While the Department believes that a few thousand programs could be eligible for Workforce Pell, it remains unclear how many programs will satisfy all regulatory requirements and demonstrate positive value-added earnings.
Several negotiators asked questions to better understand how earnings data will be calculated and which years of data will be used. The Department indicated that additional information on these issues will be provided and encouraged negotiators to submit proposals and rationale to help refine the calculation and its application.
The Department also noted that although it has not yet entered into a formal agreement with another Federal agency for earnings data, the Internal Revenue Service is among the leading candidates to support the data needs of the program.
Throughout the day, the Department emphasized that it remains open to revisions to the draft text and encouraged negotiators to submit additional proposals. The AHEAD Committee is scheduled to meet again at 9 a.m. on Wednesday, December 10, to continue negotiations.
DAY 3 RECAP
AHEAD negotiations resumed Wednesday for the Committee’s third day of work. Early in the session, the Department reiterated that it remains open to reviewing new proposals and the rationale submitted by negotiators. At the same time, negotiators from the Department noted that it is necessary to begin narrowing the proposals under consideration. To support that effort, the Department set a deadline of 7:30 a.m. on Thursday for negotiators to submit any additional text for the Workforce Pell regulatory package.
A caucus was called by the Department to address issues related to distance education programs. Discussions focused on the eligibility of programs offered fully online and how Workforce Pell would apply to remote learners across state lines and throughout the country. Additional clarity on this topic is expected later in the week.
The Department convened a second caucus to discuss concerns related to the statutory requirements for program length. After the caucus concluded, Department staff reported that the discussion centered on the statutory limit that a qualifying program may not exceed 14 weeks in length. Department officials explained that they interpret the 14 week cap as not needing to be contiguous. According to the Department, this interpretation could help address concerns raised about how part-time learners would be accommodated under the proposed structure.
It is the Department’s intent that if a program becomes ineligible for Workforce Pell while a program is underway, that program may continue through completion. Students enrolled in that cohort will remain eligible for Workforce Pell for the full duration of the program, and institutions will not be required to return Workforce Pell funds for that specific offering.
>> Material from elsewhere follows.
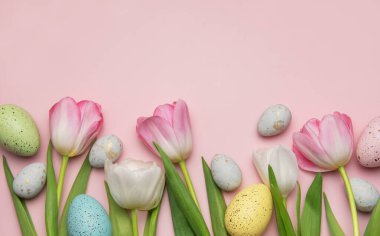 Pembe arka planda sıralanmış renkli Paskalya yumurtaları ve laleler neşeli bir bahar sınırı oluşturur.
A third caucus was called by Preston Cooper, representing taxpayers, to discuss job placement rates. Following the caucus, he announced that he intends to submit a joint proposal on job placement rates in coordination with several other negotiators.
Pulse checks were taken on all seven topics of proposed regulatory text for Workforce Pell. The results indicated that significant work remains before the Committee can assess whether consensus is achievable later in the week.
Pulse Check on Topic 1
Ineligibility for Federal Pell Grants Due to Receipt of Non-Federal Financial Assistance
During the discussion of Topic 1, one negotiator signaled that they would block consensus due to the current regulatory language, and another indicated that they are seeking a broader definition of non-federal dollars when determining the amount of Workforce Pell a student may receive.
Pulse Check on Topic 2
Workforce Pell Technical and Conforming Changes
While no negotiator signaled that they would block consensus on the current language under this topic, several negotiators noted that they have submitted proposals that have not yet been addressed by the Department and expressed interest in further discussion.
Pulse Check on Topic 3
Workforce Pell Definitions
Tamar Hoffman, representing legal aid organizations, stated that she would block consensus based on the current language. She is seeking additional clarity on the value added earnings terminology, guidance related to online programs, and several other elements within this section. She has submitted proposals for further consideration.
Pulse Check on Topic 4
Governor Approval of Eligible Workforce Programs
Preston Cooper indicated that he would not support consensus with the current language under this topic. His concerns focus on the standards for initial eligibility and whether the draft text provides sufficient guidance to ensure that programs that do not meet statutory expectations are excluded. He has submitted a proposal for further discussion. Jeff Arthur, representing proprietary institutions, noted that he hopes to see additional language encouraging equitable treatment of programs offered by all types of institutions when governors determine eligibility for Workforce Pell.
Pulse Check on Topic 5
Secretary of Education Approval of Eligible Programs
Several negotiators indicated that they would not be able to reach consensus on the current language. Their concerns centered on the need for clearer definitions of key terms.
Pulse Check on Topic 6
Value Added Earnings Calculation
Several negotiators signaled that they would not support consensus on the current language. They noted that multiple proposals remain outstanding and emphasized the need for additional discussion before the Committee can move forward. Department officials recognized that several proposals still require review.
Pulse Check on Topic 7
Losing and Regaining Eligibility
The Department acknowledged that revised language for this section will be released on Thursday morning, but proceeded with a pulse check to gauge the Committee’s views. A few negotiators signaled that they would not support consensus with the current language. Jeff Arthur noted the potential implications for how accreditors may respond when a program loses Workforce Pell eligibility and emphasized that additional clarity will be needed on this point.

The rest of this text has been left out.